----- Information supplied

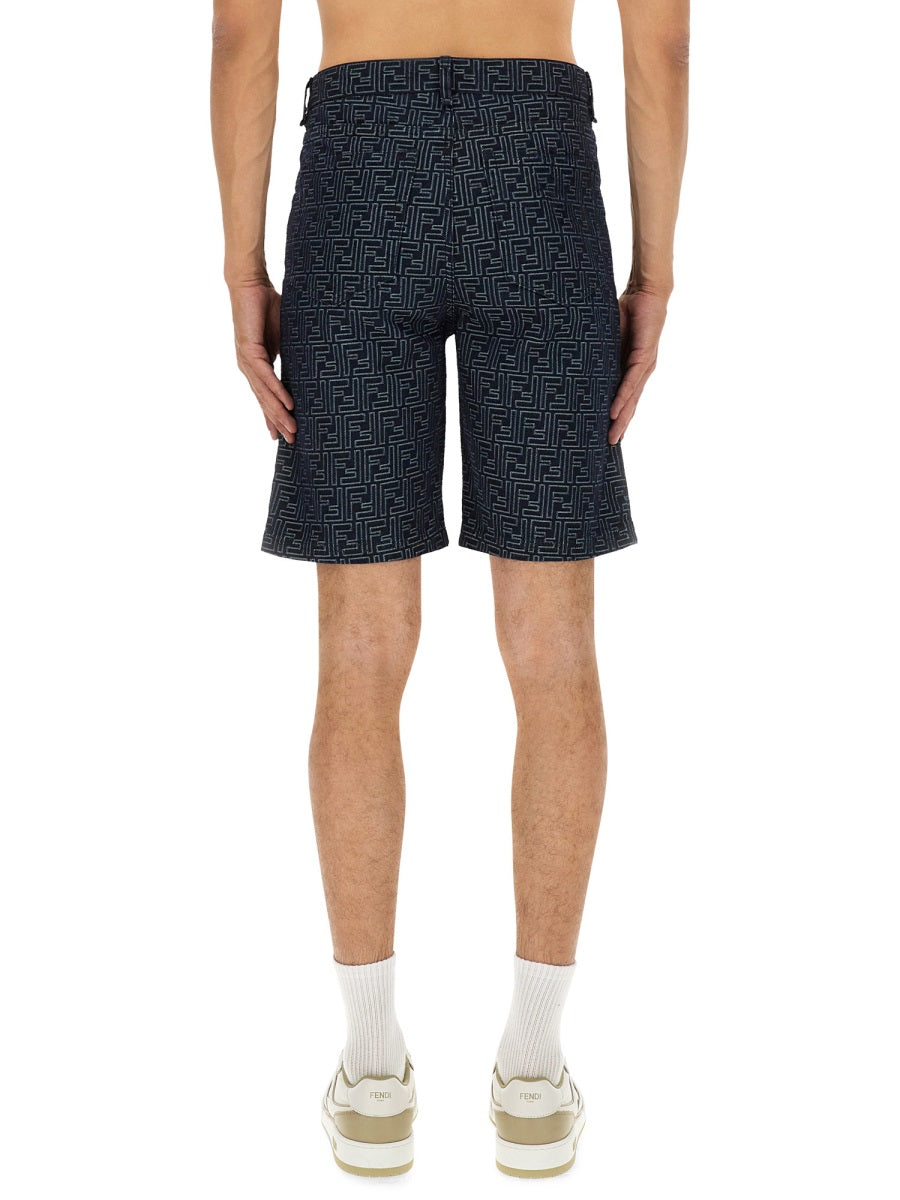 Fendi Shorts - Blue | Wanan Luxury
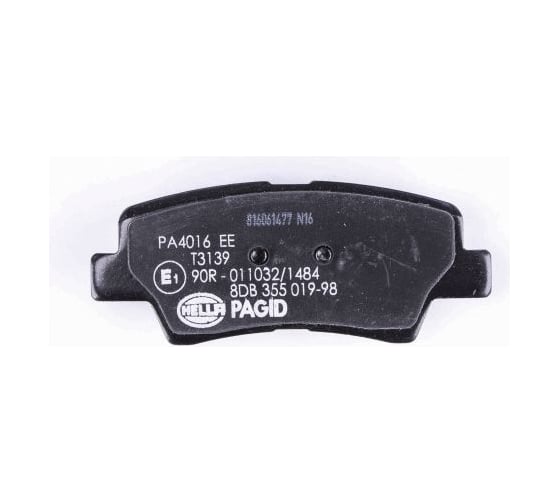 Колодки тормозные дисковые, задняя ось Hella 8DB 355 025-661 1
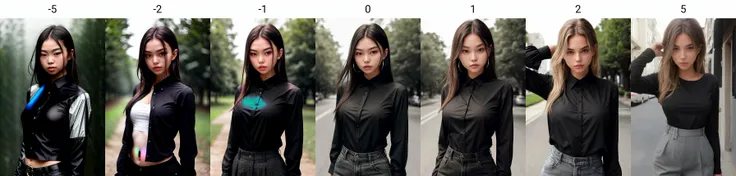 a beautiful girl, outdoors, black shirt <lora:weather_slider_v1:-5>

----------

## Exercise aim
When copying the data above, repeat every word exactly and drop the pictures.

## Response area
 Fendi Shorts - Blue | Wanan Luxury
 Колодки тормозные дисковые, задняя ось Hella 8DB 355 025-661 1
 a beautiful girl, outdoors, black shirt <lora:weather_slider_v1:-5>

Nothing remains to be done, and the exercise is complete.